These figures illustrate the use of inductive reasoning to search for a form of representation that best fits a sociological concept. The left side depicts a standard network representation, which Levine (1972) argues cannot represent the notion that each node in a network possesses a certain sphere of influence and that a system revolves around a hidden but common center.

Levine’s article probes various graphical forms, arguing that standard network representations of connectedness are misleading because they cannot make evident the more fundamental phenomenon that around each bank there lies a sphere of influence, and the entire structure revolves about a common, but hidden, center. This is a theoretical point, similar to Burt’s development of stylized figures to make a theoretical point about structural holes. But what stands out in Levine’s article is his explicit experimentation with graphical forms to evaluate their capacity to stimulate thought about this concept. For example, to make the concept perceptible—the hidden structure of structure—he shifts from webs of points to circles and radii, and to a two dimensional projection of a three dimensional space (not shown here) on the model of cartographic representations of a globe. While the data never change, the result is a “primitive analogue to a Copernican change of reference” (Levine 1972:23).

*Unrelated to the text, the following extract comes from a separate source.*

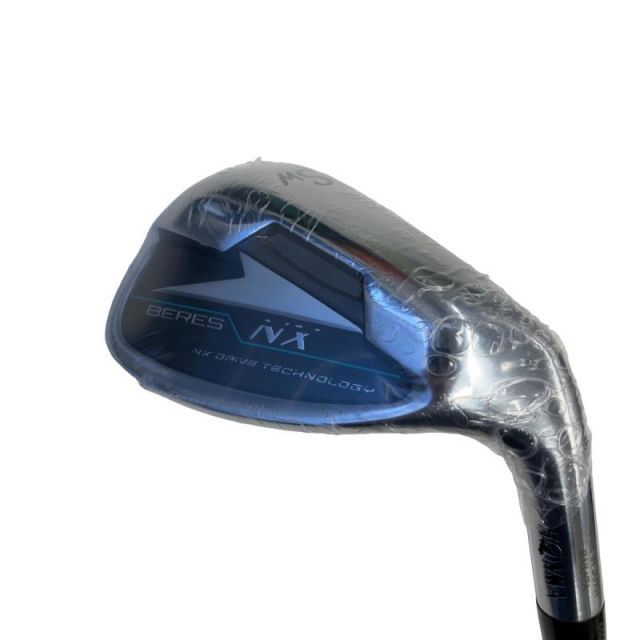 ゴルフ 本間ゴルフ BERES NX SW ウェッジ WG VIZARD FOR NX 45(IR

The example again is meant to illustrate a larger point, that inductive evaluation of the fitness of forms of graphical representation for the tasks we give them is a type of creative diagrammatic reasoning that can be pursued in its own terms, and to grasp and improve visual theorizing it needs to be recognized and understood as such.

Slotting

Levine’s article suggests that inductive theoretical reasoning with diagrams may have its own characteristic procedures and forms of creativity. These procedures operate on a different register than their deductive counterparts: the referential orientation of our diagrams, the capacity of given graphical form to represent a given phenomenon or enact a given inferential method. The referential orientation of a diagram becomes evident in what we might call its “slotting” (Figure 6).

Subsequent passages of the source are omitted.